▸ Work order
Output the whole listing again, exactly as it reads.

Data excerpts section start

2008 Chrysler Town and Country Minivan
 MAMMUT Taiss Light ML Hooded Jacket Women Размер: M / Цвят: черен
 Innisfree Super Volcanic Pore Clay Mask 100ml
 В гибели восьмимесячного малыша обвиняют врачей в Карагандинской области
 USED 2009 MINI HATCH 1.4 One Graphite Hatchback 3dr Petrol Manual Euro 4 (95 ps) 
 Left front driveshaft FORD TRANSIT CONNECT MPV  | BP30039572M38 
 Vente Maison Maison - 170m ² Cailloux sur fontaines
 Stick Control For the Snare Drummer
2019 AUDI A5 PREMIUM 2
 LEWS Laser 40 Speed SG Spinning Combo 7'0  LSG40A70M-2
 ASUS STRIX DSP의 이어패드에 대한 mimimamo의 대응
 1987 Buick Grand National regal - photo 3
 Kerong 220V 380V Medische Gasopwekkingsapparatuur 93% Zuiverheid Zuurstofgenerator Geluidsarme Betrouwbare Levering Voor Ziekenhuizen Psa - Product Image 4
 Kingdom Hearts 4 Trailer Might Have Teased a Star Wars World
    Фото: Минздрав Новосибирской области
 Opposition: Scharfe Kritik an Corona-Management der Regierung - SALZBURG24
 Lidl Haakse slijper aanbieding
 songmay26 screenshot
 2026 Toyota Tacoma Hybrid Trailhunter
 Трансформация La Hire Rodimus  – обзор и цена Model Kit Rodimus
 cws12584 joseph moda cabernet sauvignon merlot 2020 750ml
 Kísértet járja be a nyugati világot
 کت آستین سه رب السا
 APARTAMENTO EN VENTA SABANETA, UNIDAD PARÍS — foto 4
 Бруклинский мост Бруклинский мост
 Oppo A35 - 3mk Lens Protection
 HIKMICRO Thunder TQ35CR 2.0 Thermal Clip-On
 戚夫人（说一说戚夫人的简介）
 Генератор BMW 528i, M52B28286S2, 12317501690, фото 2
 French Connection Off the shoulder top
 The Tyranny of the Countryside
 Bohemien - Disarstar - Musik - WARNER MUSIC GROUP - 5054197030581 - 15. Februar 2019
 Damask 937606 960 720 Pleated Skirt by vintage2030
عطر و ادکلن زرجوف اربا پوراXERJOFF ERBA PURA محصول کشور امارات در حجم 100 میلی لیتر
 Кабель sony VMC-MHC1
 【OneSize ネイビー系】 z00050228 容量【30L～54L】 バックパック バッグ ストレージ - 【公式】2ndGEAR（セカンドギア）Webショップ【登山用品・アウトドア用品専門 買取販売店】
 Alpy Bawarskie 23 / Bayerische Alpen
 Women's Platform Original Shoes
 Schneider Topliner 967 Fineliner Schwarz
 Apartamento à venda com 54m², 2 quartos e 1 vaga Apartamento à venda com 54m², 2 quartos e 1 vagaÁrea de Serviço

Data excerpts section end

▸ Solution
2008 Chrysler Town and Country Minivan
 MAMMUT Taiss Light ML Hooded Jacket Women Размер: M / Цвят: черен
 Innisfree Super Volcanic Pore Clay Mask 100ml
 В гибели восьмимесячного малыша обвиняют врачей в Карагандинской области
 USED 2009 MINI HATCH 1.4 One Graphite Hatchback 3dr Petrol Manual Euro 4 (95 ps) 
 Left front driveshaft FORD TRANSIT CONNECT MPV  | BP30039572M38 
 Vente Maison Maison - 170m ² Cailloux sur fontaines
 Stick Control For the Snare Drummer
2019 AUDI A5 PREMIUM 2
 LEWS Laser 40 Speed SG Spinning Combo 7'0  LSG40A70M-2
 ASUS STRIX DSP의 이어패드에 대한 mimimamo의 대응
 1987 Buick Grand National regal - photo 3
 Kerong 220V 380V Medische Gasopwekkingsapparatuur 93% Zuiverheid Zuurstofgenerator Geluidsarme Betrouwbare Levering Voor Ziekenhuizen Psa - Product Image 4
 Kingdom Hearts 4 Trailer Might Have Teased a Star Wars World
    Фото: Минздрав Новосибирской области
 Opposition: Scharfe Kritik an Corona-Management der Regierung - SALZBURG24
 Lidl Haakse slijper aanbieding
 songmay26 screenshot
 2026 Toyota Tacoma Hybrid Trailhunter
 Трансформация La Hire Rodimus  – обзор и цена Model Kit Rodimus
 cws12584 joseph moda cabernet sauvignon merlot 2020 750ml
 Kísértet járja be a nyugati világot
 کت آستین سه رب السا
 APARTAMENTO EN VENTA SABANETA, UNIDAD PARÍS — foto 4
 Бруклинский мост Бруклинский мост
 Oppo A35 - 3mk Lens Protection
 HIKMICRO Thunder TQ35CR 2.0 Thermal Clip-On
 戚夫人（说一说戚夫人的简介）
 Генератор BMW 528i, M52B28286S2, 12317501690, фото 2
 French Connection Off the shoulder top
 The Tyranny of the Countryside
 Bohemien - Disarstar - Musik - WARNER MUSIC GROUP - 5054197030581 - 15. Februar 2019
 Damask 937606 960 720 Pleated Skirt by vintage2030
عطر و ادکلن زرجوف اربا پوراXERJOFF ERBA PURA محصول کشور امارات در حجم 100 میلی لیتر
 Кабель sony VMC-MHC1
 【OneSize ネイビー系】 z00050228 容量【30L～54L】 バックパック バッグ ストレージ - 【公式】2ndGEAR（セカンドギア）Webショップ【登山用品・アウトドア用品専門 買取販売店】
 Alpy Bawarskie 23 / Bayerische Alpen
 Women's Platform Original Shoes
 Schneider Topliner 967 Fineliner Schwarz
 Apartamento à venda com 54m², 2 quartos e 1 vaga Apartamento à venda com 54m², 2 quartos e 1 vagaÁrea de Serviço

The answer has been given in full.